Recorded data
*** Block opens ***

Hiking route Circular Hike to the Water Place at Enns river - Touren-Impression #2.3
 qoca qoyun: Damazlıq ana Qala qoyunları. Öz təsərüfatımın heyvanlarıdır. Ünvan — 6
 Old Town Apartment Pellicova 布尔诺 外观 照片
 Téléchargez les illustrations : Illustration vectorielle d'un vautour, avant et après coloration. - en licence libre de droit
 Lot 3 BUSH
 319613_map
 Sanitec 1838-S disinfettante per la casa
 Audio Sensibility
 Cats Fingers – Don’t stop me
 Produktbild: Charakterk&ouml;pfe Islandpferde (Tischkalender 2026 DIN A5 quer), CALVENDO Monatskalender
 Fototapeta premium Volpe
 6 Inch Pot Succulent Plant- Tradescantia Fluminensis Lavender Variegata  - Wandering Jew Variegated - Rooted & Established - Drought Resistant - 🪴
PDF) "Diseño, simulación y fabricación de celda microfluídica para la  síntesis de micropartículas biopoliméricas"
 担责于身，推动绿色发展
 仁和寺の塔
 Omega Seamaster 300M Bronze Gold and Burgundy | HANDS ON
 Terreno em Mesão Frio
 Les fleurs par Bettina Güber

*** Block closes ***

» PROBLEM TO WORK ON
Word for word, reproduce every record shown above.

» RESULT FOR THIS EXERCISE
Hiking route Circular Hike to the Water Place at Enns river - Touren-Impression #2.3
 qoca qoyun: Damazlıq ana Qala qoyunları. Öz təsərüfatımın heyvanlarıdır. Ünvan — 6
 Old Town Apartment Pellicova 布尔诺 外观 照片
 Téléchargez les illustrations : Illustration vectorielle d'un vautour, avant et après coloration. - en licence libre de droit
 Lot 3 BUSH
 319613_map
 Sanitec 1838-S disinfettante per la casa
 Audio Sensibility
 Cats Fingers – Don’t stop me
 Produktbild: Charakterk&ouml;pfe Islandpferde (Tischkalender 2026 DIN A5 quer), CALVENDO Monatskalender
 Fototapeta premium Volpe
 6 Inch Pot Succulent Plant- Tradescantia Fluminensis Lavender Variegata  - Wandering Jew Variegated - Rooted & Established - Drought Resistant - 🪴
PDF) "Diseño, simulación y fabricación de celda microfluídica para la  síntesis de micropartículas biopoliméricas"
 担责于身，推动绿色发展
 仁和寺の塔
 Omega Seamaster 300M Bronze Gold and Burgundy | HANDS ON
 Terreno em Mesão Frio
 Les fleurs par Bettina Güber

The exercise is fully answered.